Work to complete: Your copy starts at the line containing "The Orpheus was" and ends at the last line below. Copy exactly, without pictures.

Given information:
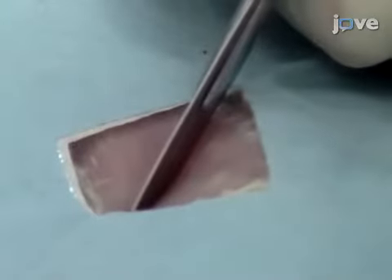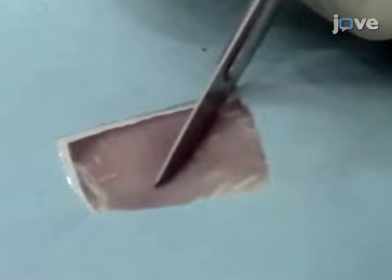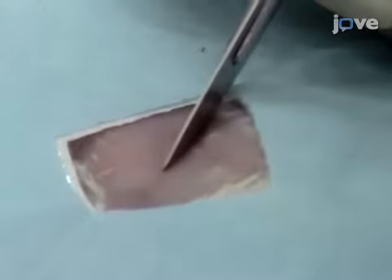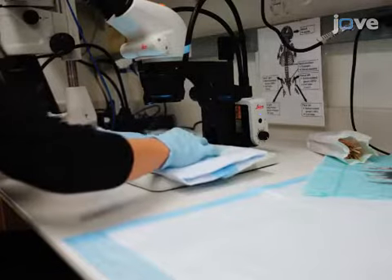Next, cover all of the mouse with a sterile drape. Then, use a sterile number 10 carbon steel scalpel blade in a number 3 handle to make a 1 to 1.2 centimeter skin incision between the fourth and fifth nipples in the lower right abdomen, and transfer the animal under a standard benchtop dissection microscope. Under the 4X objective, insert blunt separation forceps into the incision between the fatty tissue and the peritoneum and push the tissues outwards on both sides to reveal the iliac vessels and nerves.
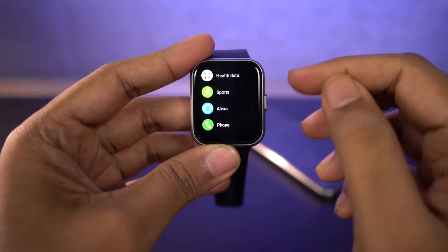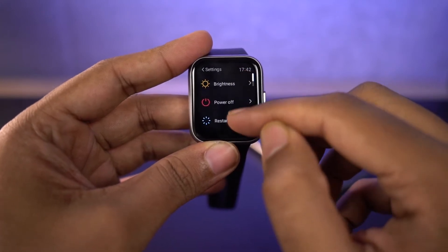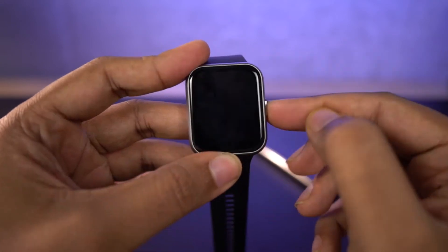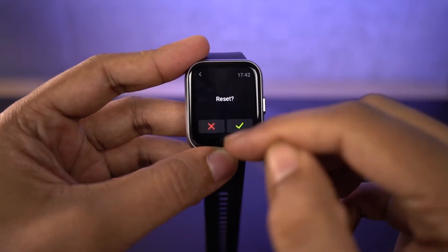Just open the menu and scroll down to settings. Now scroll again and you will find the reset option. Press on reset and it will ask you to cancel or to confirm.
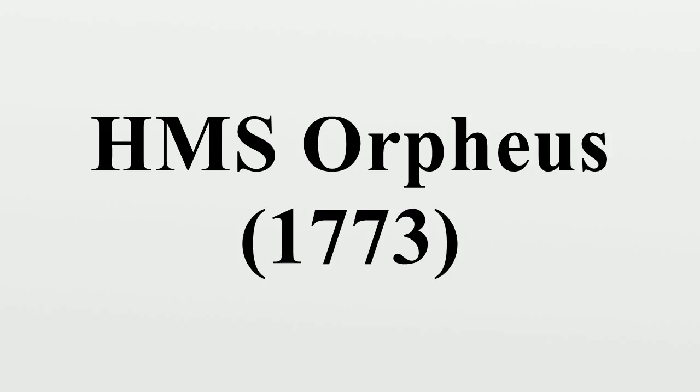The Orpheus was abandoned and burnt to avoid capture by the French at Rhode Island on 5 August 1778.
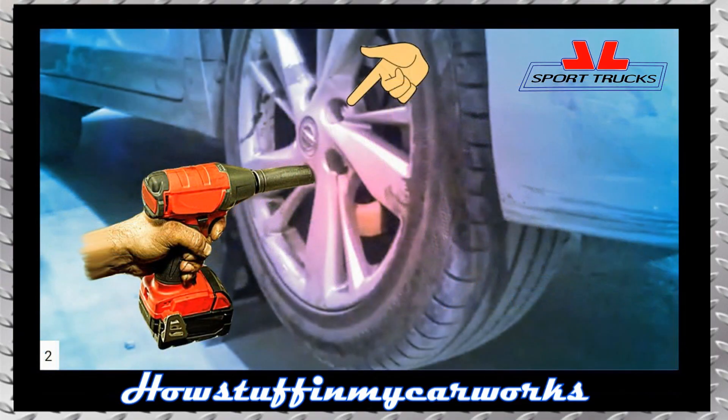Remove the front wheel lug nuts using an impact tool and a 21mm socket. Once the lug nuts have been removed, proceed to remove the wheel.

Answer to this problem:
The Orpheus was abandoned and burnt to avoid capture by the French at Rhode Island on 5 August 1778.
Remove the front wheel lug nuts using an impact tool and a 21mm socket. Once the lug nuts have been removed, proceed to remove the wheel.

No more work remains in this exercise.